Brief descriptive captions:
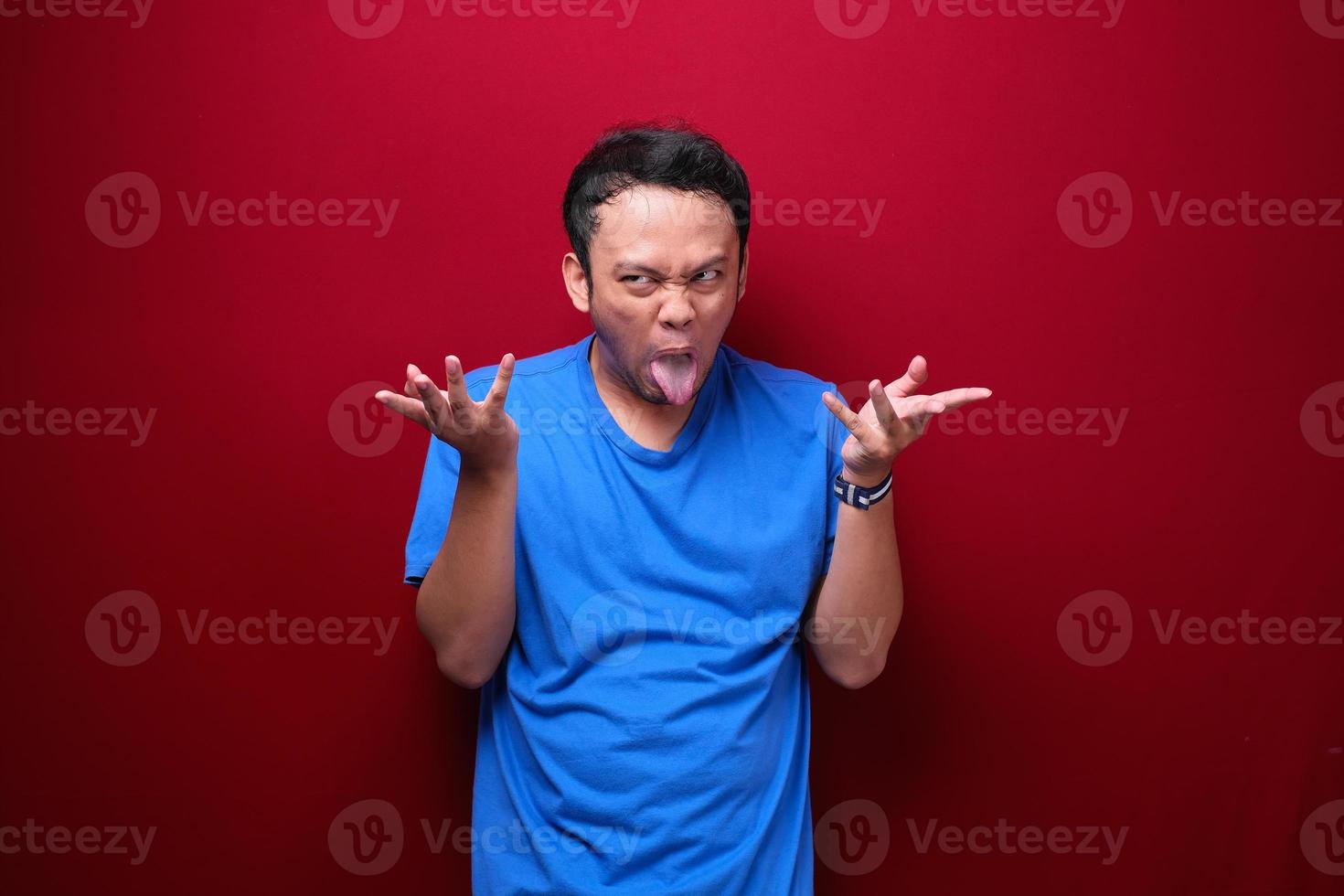 Angry and stress young Asian man raising his arm up. photo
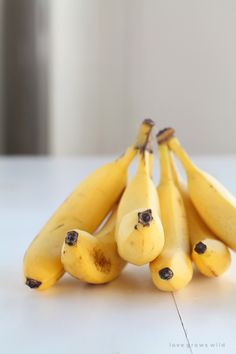 a bunch of ripe bananas sitting on top of a white table next to each other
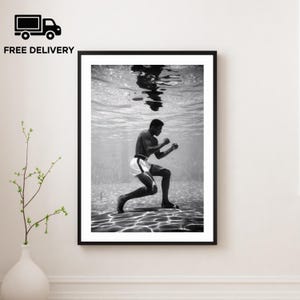 Könnte beinhalten: Schwarz-Weiß-Druck eines Boxers unter Wasser, in Kampfhaltung. Der Boxer trägt weiße Shorts mit schwarzem Streifen. Das Bild ist vor einem Hintergrund aus welligem Wasser angeordnet.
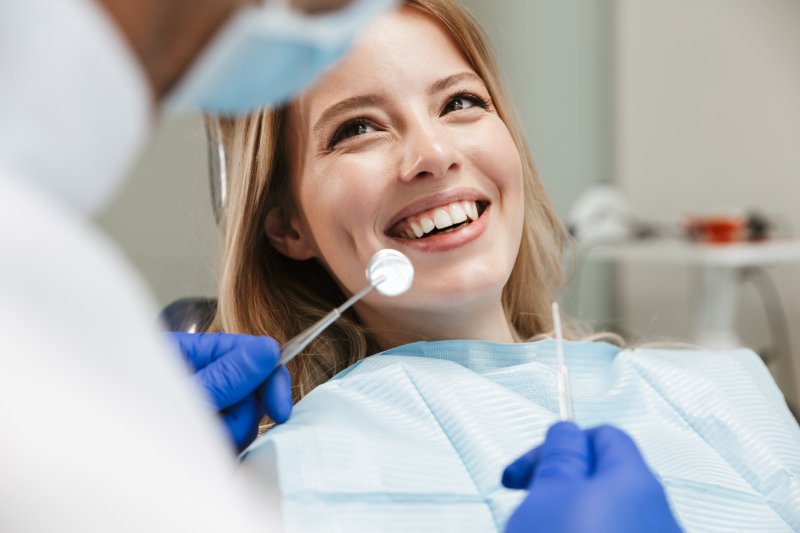 Woman smiles at dentist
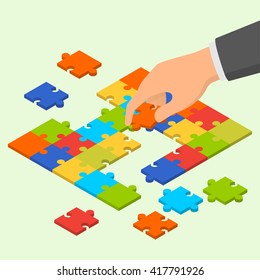 Isometric Colorful Jigsaw Puzzle And Hand Holding One Piece Of Puzzle Over It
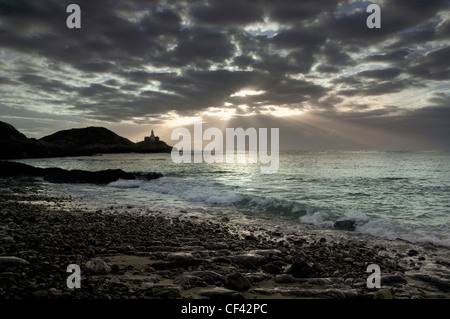 Rays of sunlight bursting through storm clouds over Mumbles Point at dawn. Stock Photo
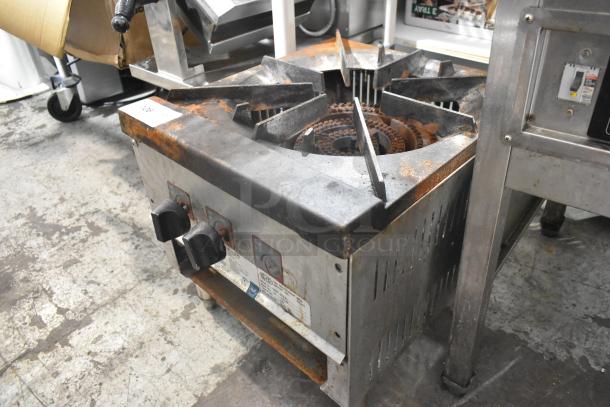 L&J OWST-018-2 stainless steel natural gas single burner stock pot range. Used, with visible rust and wear.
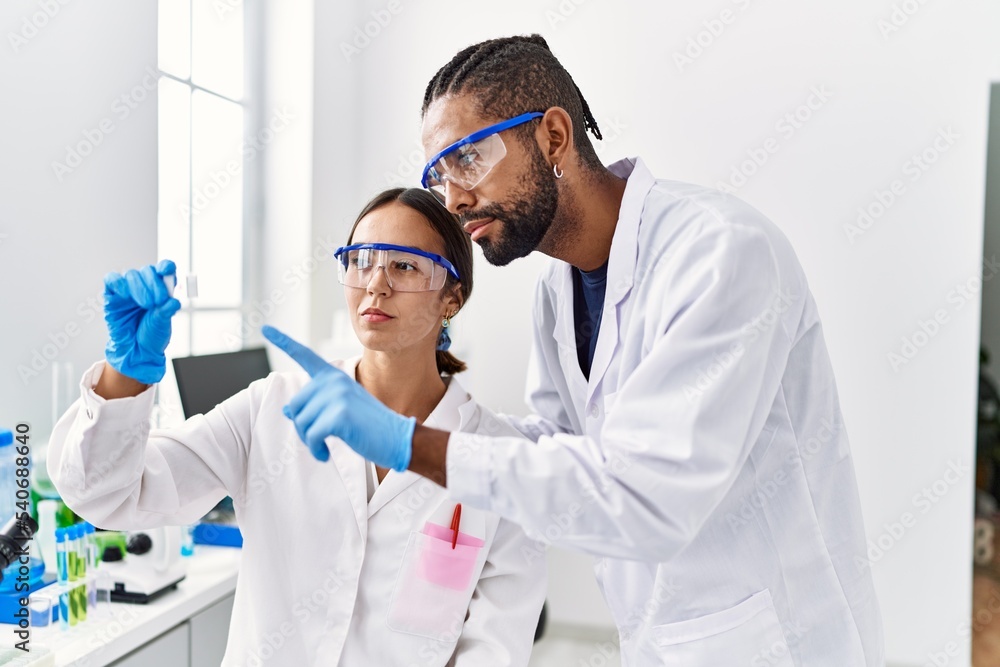 Man and woman scientist partners looking sample working at laboratory Man and woman scientist partners looking sample working at laboratory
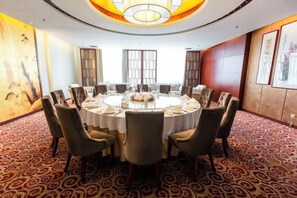 Sala de conferências com mesa redonda, cadeiras e lustre.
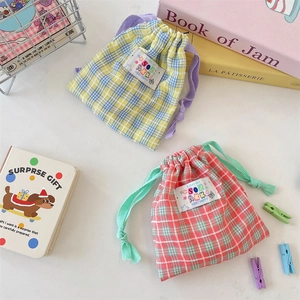 Gros plan sur des sacs de rangement à cordon à carreaux colorés avec étiquette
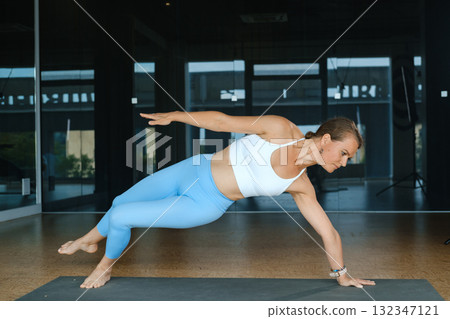 Dynamic yoga practice showcasing a woman performing an advanced balance pose in a bright studio setting during daylight hours Dynamic yoga practice showcasing a woman performing an advanced balance pose in a bright studio setting during daylight hours 132347121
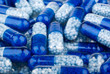Blue capsules (pills) background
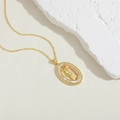 Macro view of gold oval pendant with mother of pearl and saint relief on stone background - Sunburst Virgin Mary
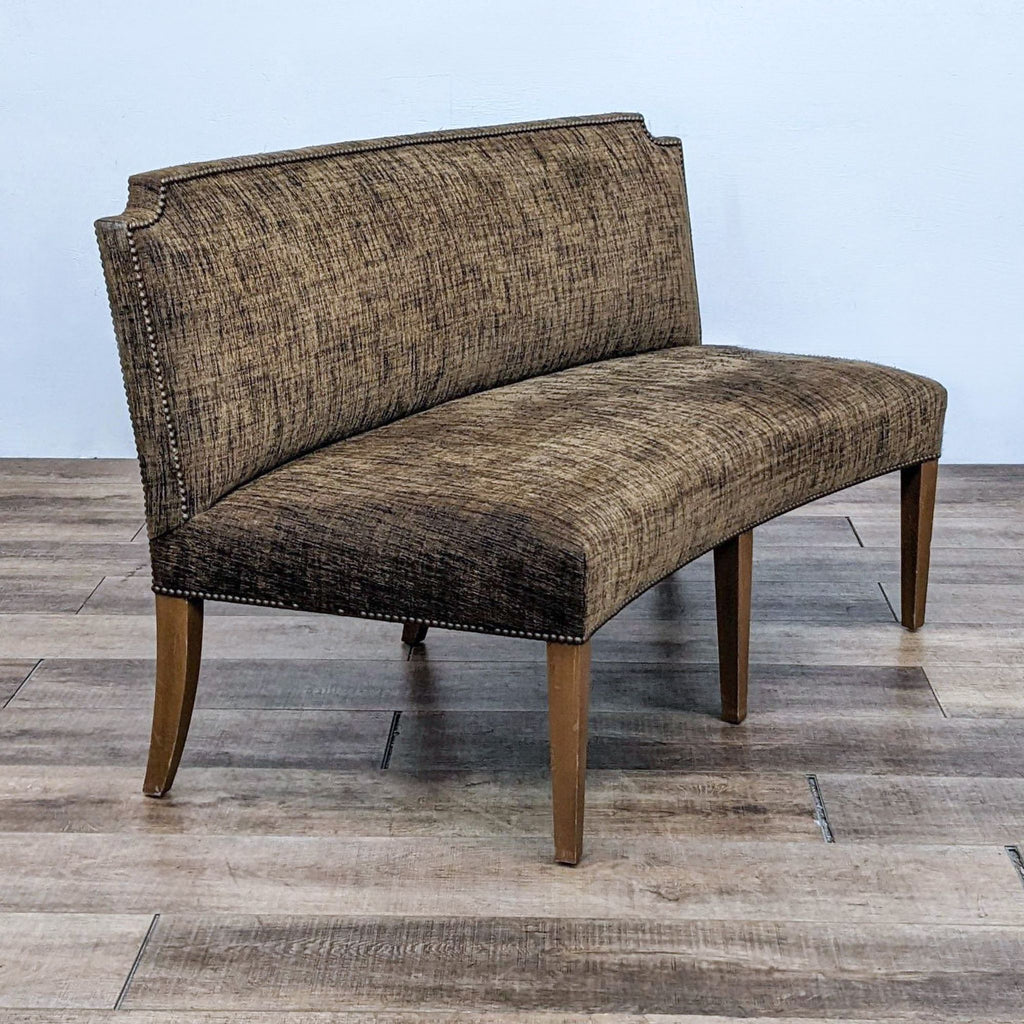 Bench with olive green upholstery, curved tight back, nail head accents, and wood-finished legs.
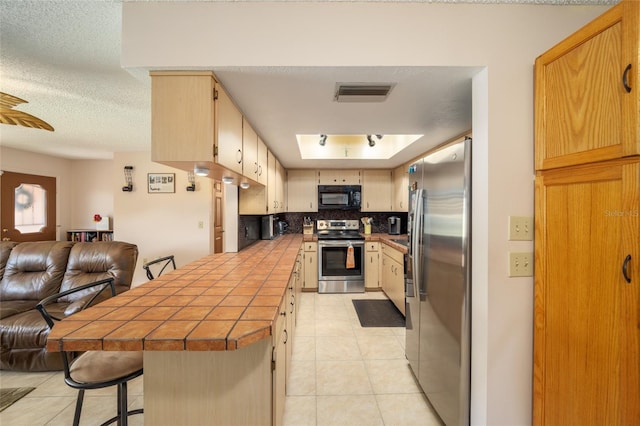 kitchen featuring visible vents, open floor plan, tile countertops, stainless steel appliances, and a peninsula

PROBLEM STATEMENT: Could you restate every record above word for word, dropping the pictures?

WRITTEN SOLUTION:
 Angry and stress young Asian man raising his arm up. photo
 a bunch of ripe bananas sitting on top of a white table next to each other
 Könnte beinhalten: Schwarz-Weiß-Druck eines Boxers unter Wasser, in Kampfhaltung. Der Boxer trägt weiße Shorts mit schwarzem Streifen. Das Bild ist vor einem Hintergrund aus welligem Wasser angeordnet.
 Woman smiles at dentist
 Isometric Colorful Jigsaw Puzzle And Hand Holding One Piece Of Puzzle Over It
 Rays of sunlight bursting through storm clouds over Mumbles Point at dawn. Stock Photo
 L&J OWST-018-2 stainless steel natural gas single burner stock pot range. Used, with visible rust and wear.
 Man and woman scientist partners looking sample working at laboratory Man and woman scientist partners looking sample working at laboratory
 Sala de conferências com mesa redonda, cadeiras e lustre.
 Gros plan sur des sacs de rangement à cordon à carreaux colorés avec étiquette
 Dynamic yoga practice showcasing a woman performing an advanced balance pose in a bright studio setting during daylight hours Dynamic yoga practice showcasing a woman performing an advanced balance pose in a bright studio setting during daylight hours 132347121
Blue capsules (pills) background
 Macro view of gold oval pendant with mother of pearl and saint relief on stone background - Sunburst Virgin Mary
 Bench with olive green upholstery, curved tight back, nail head accents, and wood-finished legs.
 kitchen featuring visible vents, open floor plan, tile countertops, stainless steel appliances, and a peninsula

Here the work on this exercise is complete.